** REQUIREMENT **
Every record must be repeated exactly; omit any pictures they contain.

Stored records

▼

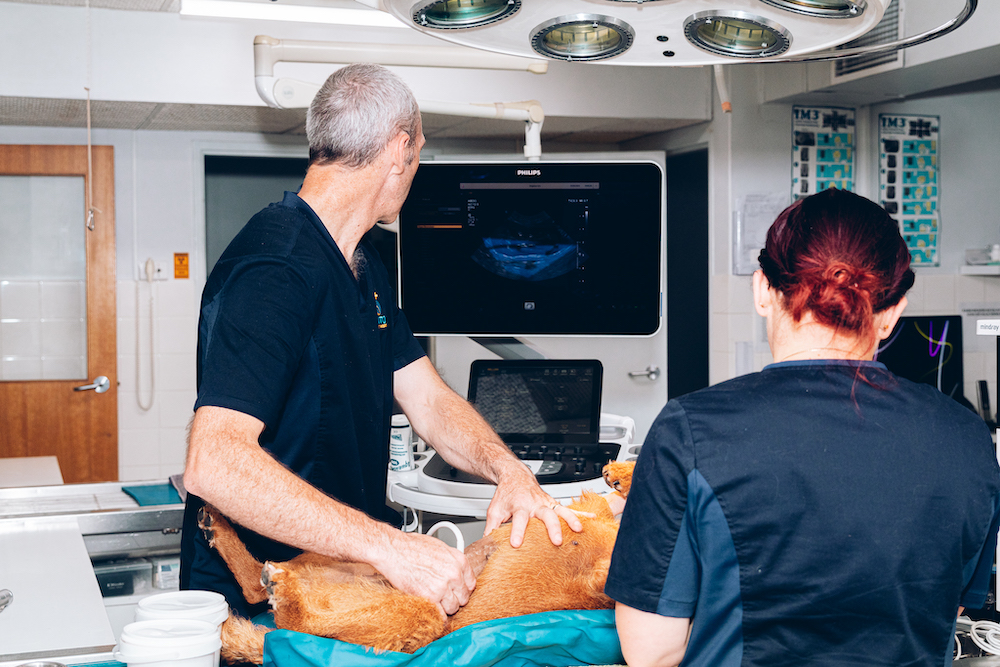 photo alex brian dog equipment irish terrier nurse patient probe treatment ultrasound ryanjiannis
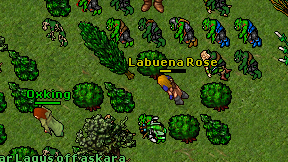 Labuena Rose on screen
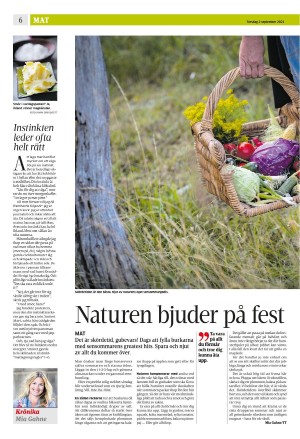 eskilstunakuriren_b-20210902_000_00_00_006.pdf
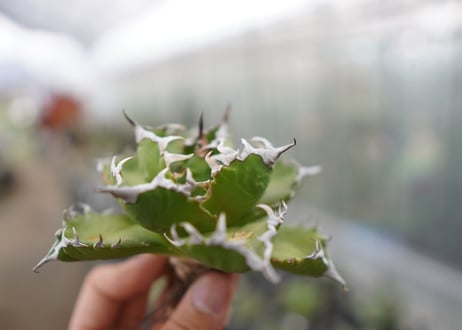 Agave titanota  Crab 螃蟹  NO.7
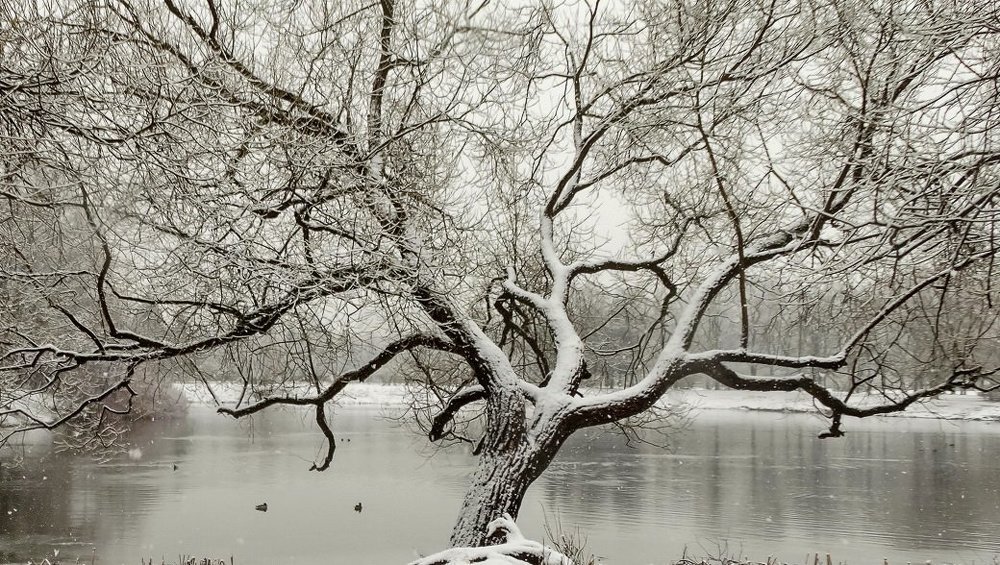 Графика древ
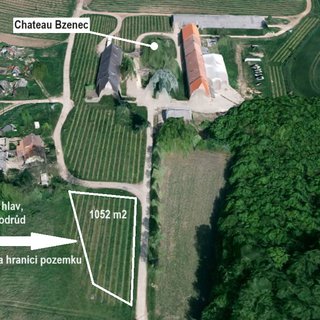 Prodej zemědělské půdy 1 129 m² Bzenec, 
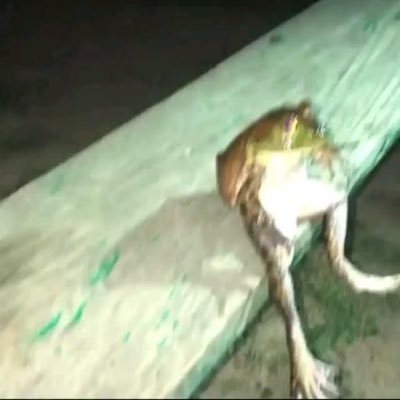 h8h8hi's profile picture.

▲

** ANSWER AREA **
 photo alex brian dog equipment irish terrier nurse patient probe treatment ultrasound ryanjiannis
 Labuena Rose on screen
 eskilstunakuriren_b-20210902_000_00_00_006.pdf
 Agave titanota  Crab 螃蟹  NO.7
 Графика древ
 Prodej zemědělské půdy 1 129 m² Bzenec, 
 h8h8hi's profile picture.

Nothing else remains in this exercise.